(Instructions to follow): Could you please write out each line of the records exactly, minus the pictures?

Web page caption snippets
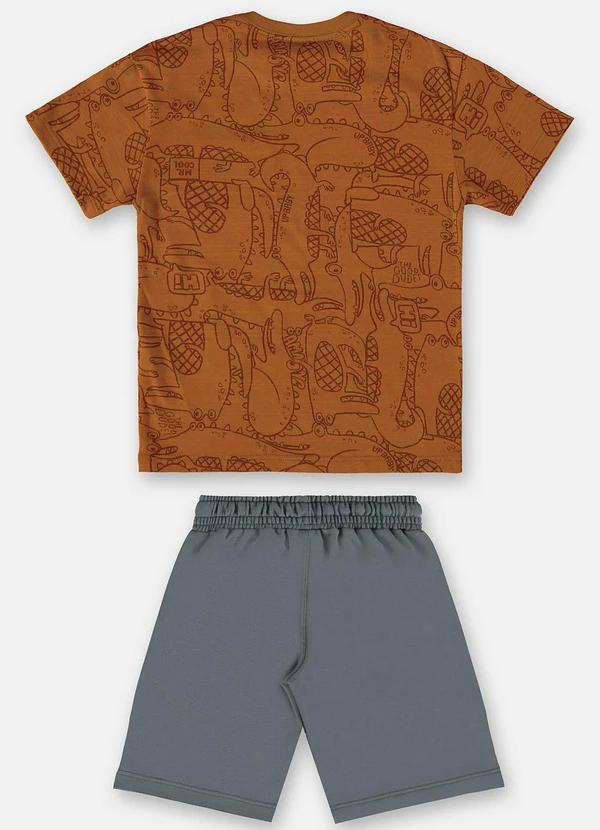 Up Baby - Conjunto Camiseta e Bermuda Marrom 3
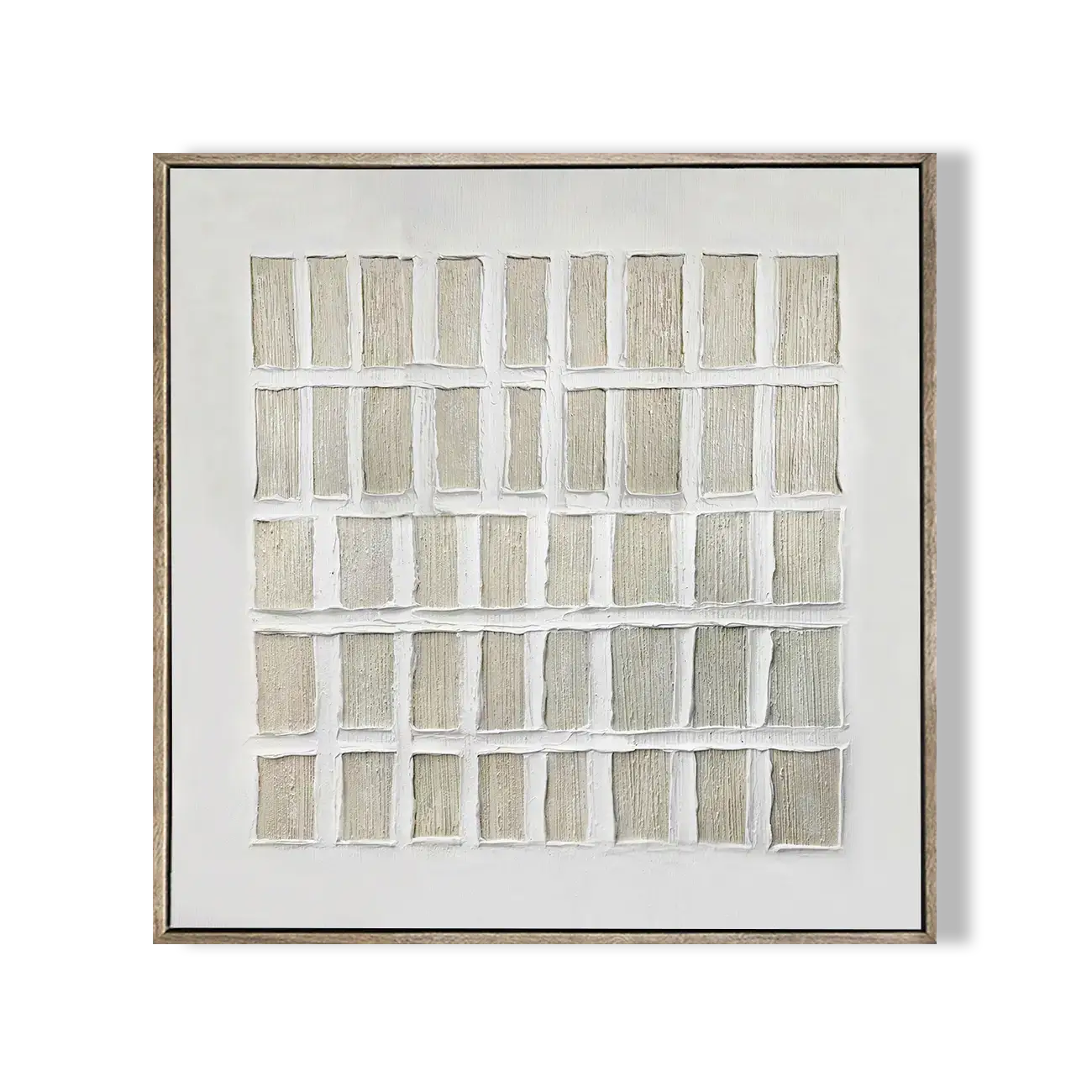 Framed abstract art piece with grid pattern on a white background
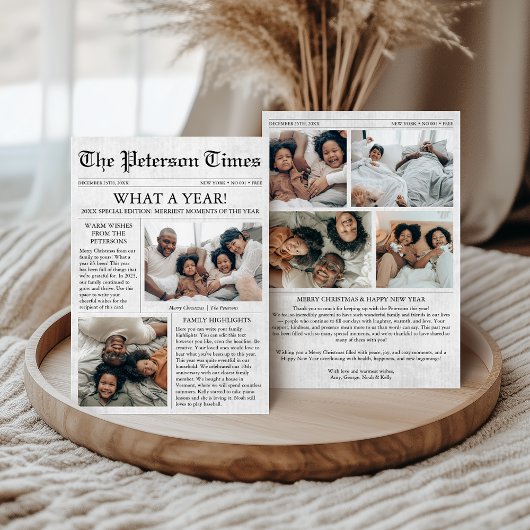 新聞風クリスマスカード 6枚の写真で家族のホリデーを シーズンカード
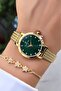 Minimal Green Dial Women's Wristwatch – |   Bracelet with Gift |   2 Years Warranty - 3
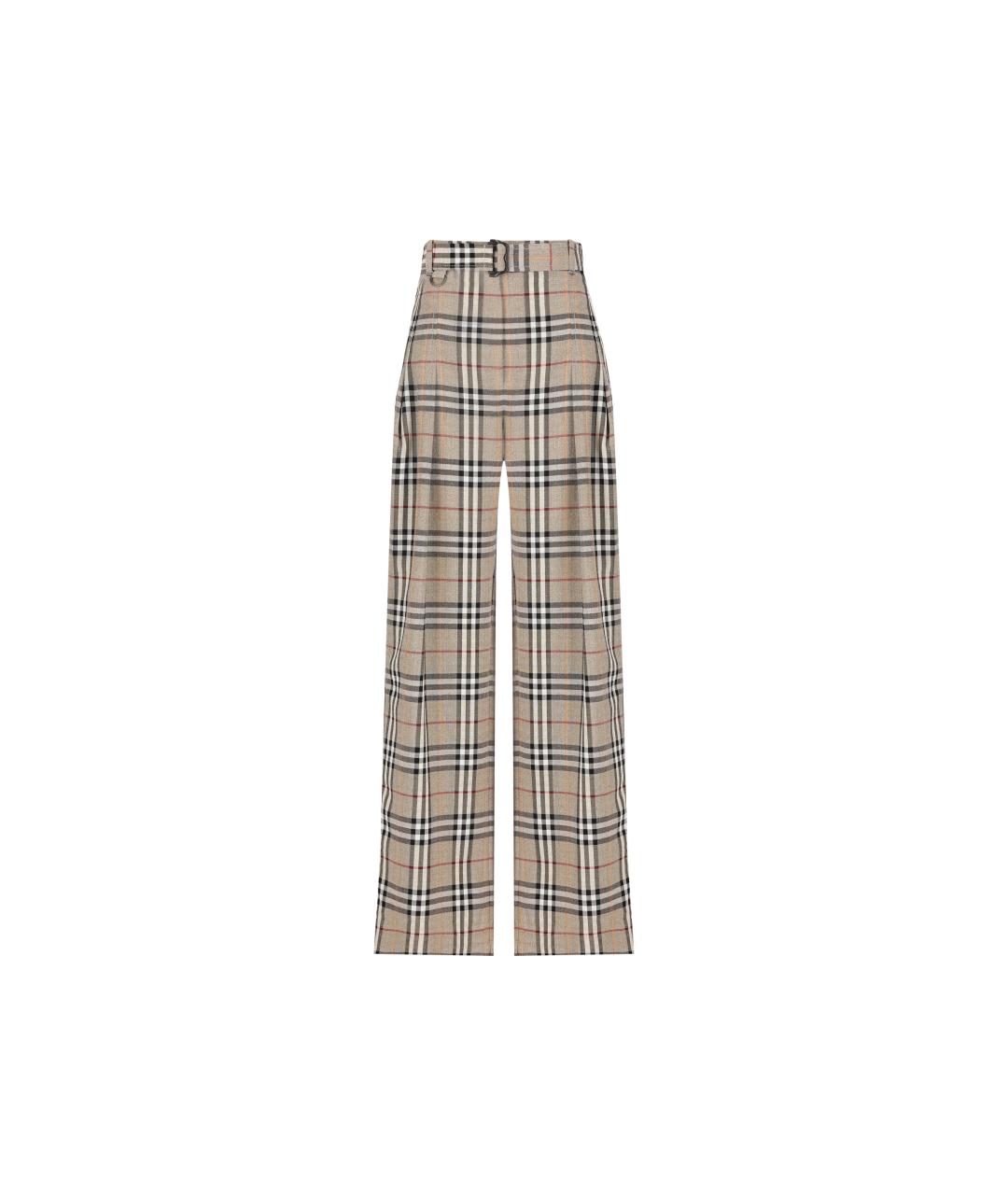 BURBERRY Бежевые вискозные брюки широкие, фото 5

(Solution to this problem):
 Up Baby - Conjunto Camiseta e Bermuda Marrom 3
 Framed abstract art piece with grid pattern on a white background
 新聞風クリスマスカード 6枚の写真で家族のホリデーを シーズンカード
 Minimal Green Dial Women's Wristwatch – |   Bracelet with Gift |   2 Years Warranty - 3
 BURBERRY Бежевые вискозные брюки широкие, фото 5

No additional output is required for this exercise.